In our previous post, we discussed how each queue can be classified in one of the four cases, depending on how it starts and ends:

  1. New Level to New Level (Price penetration ↗↗)
  2. New Level to Old Level (Price reversion ↗↘)
  3. Old Level to New Level (Price reversion ↘↗)
  4. Old Level to Old Level (Price penetration ↘↘)

For each case, we study its lifecycle by looking at the average quote size at start time, end time, and when the queue size is at its maximum.

Queues during price reversion have a significantly shorter duration (~30 sec) compared to queues during price penetration (~1 min). New-Level-to-New-Level queues take much longer to stabilize in size — it takes 35 sec to attain the maximum size, while the other cases take only about 5 sec. In this case, it is important to actively monitor the passive orders for a longer period to anticipate the longer queue building process. We also observe that queue size is constantly changing, and the magnitude depends on the queue type. A typical New-Level-to-New-Level queue will have a maximum size equal to 14 times the starting size.

Figure 1: lifecycle of queues that start at the old price level

Figure 1: lifecycle of queues that start at the old price level

Figure 2: lifecycle of queues that start at the new price level

Figure 2: lifecycle of queues that start at the new price level

Consider the case where ten orders are queued at the best bid with 1000 shares each, and we are the first order in the queue, i.e. we are 10% of the queue size. Then sell pressure comes in and the first five orders are executed, including ours. Assume that the remaining queued orders are withdrawn from the queue due to the sell pressure. In this case, we would have traded 20% of the market volume, but not 10%.

In another scenario, assume that no orders were withdrawn from the queue, but another five new orders with 1000 shares each come to join the queue. If all orders are executed, we will be only 6.7% of the market volume, but not 10%.

The above examples illustrate the challenge of target participation by queuing orders. If we are in the front of the queue, order withdrawal by others can lead to over-trading (first example) while order replenishing can lead to under-trading (second example). Overall, we found that traded shares equal only 75% of the average queue size, or 48% of the maximum queue size.
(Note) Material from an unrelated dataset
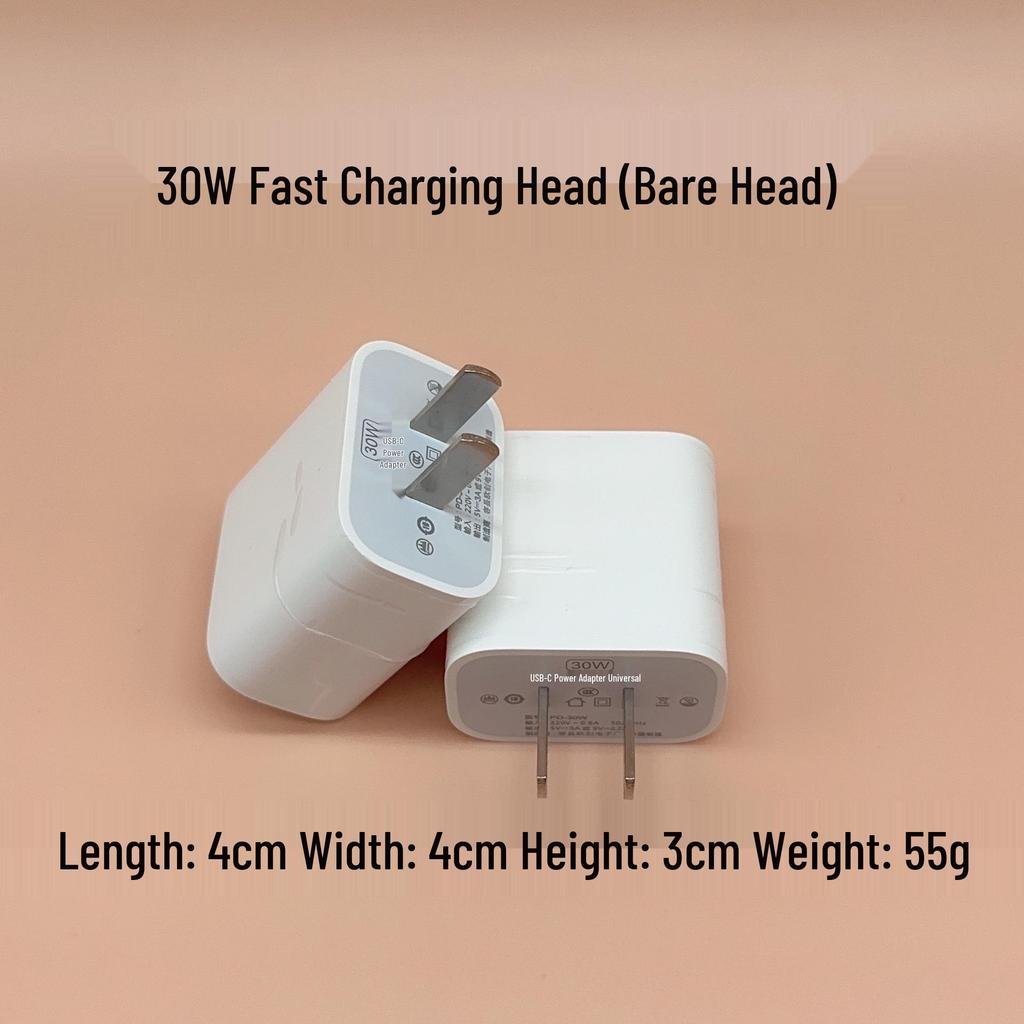 PD30W Fast Charger for Apple 14/15/16 Phones, 3C Certified, PD Charging Head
In other words, typically not the full queue will be executed.

Drilling down into different queue cases, the results heavily depend on whether there are residual orders in the queue when it ends. If the queue ends with no residual orders (New-Level-to-Old-Level ↗↘ or Old-Level-to-Old-Level ↘↘), the maximum queue size is a good proxy for the market volume in the queue life cycle: Traded volume is 118% and 95% of the maximum queue size of a new queue and old queue respectively.

On the other hand, if the queue ends with residual orders (New-Level-to-New-Level ↗↗ or Old-Level-to-New-Level ↘↗), only the tip of the queue will be executed; traded volume is only 15% and 8% of the maximum queue size of a new queue and old queue respectively. Traded volume of New-Level-to-New-Level queue (↗↗) is almost twice of Old-Level-to-New-Level queue (↘↗). One reason is that traders are more reluctant to create price penetration, and the time that stays at a New-Level-to-New-Level queue (↗↗) is doubled that of an Old-Level-to-New-Level queue (↘↗). Thus, it leads to more orders being executed.

Figure 3: total traded shares vs. average and maximum queue size

Figure 3: total traded shares vs. average and maximum queue size

In order to correctly anticipate the market volume, one needs to take the queue dynamics into account. As we have shown, predicting the queue ending scenario, particularly whether there are residual orders when it ends, is critical in estimating the actual volume executed from the queue. Queue building process, buy-sell pressure, and order imbalance are also important factors to be considered.

Furthermore, one can directly predict the market volume and use it as a guideline to avoid severe over-trade or under-trade. For example, if the predicted volume of the next 5 min is only 1000 shares, we can cap the order size to 100 shares when the target participation is 10%. This would work as a safety for mistakenly predicting the queuing process.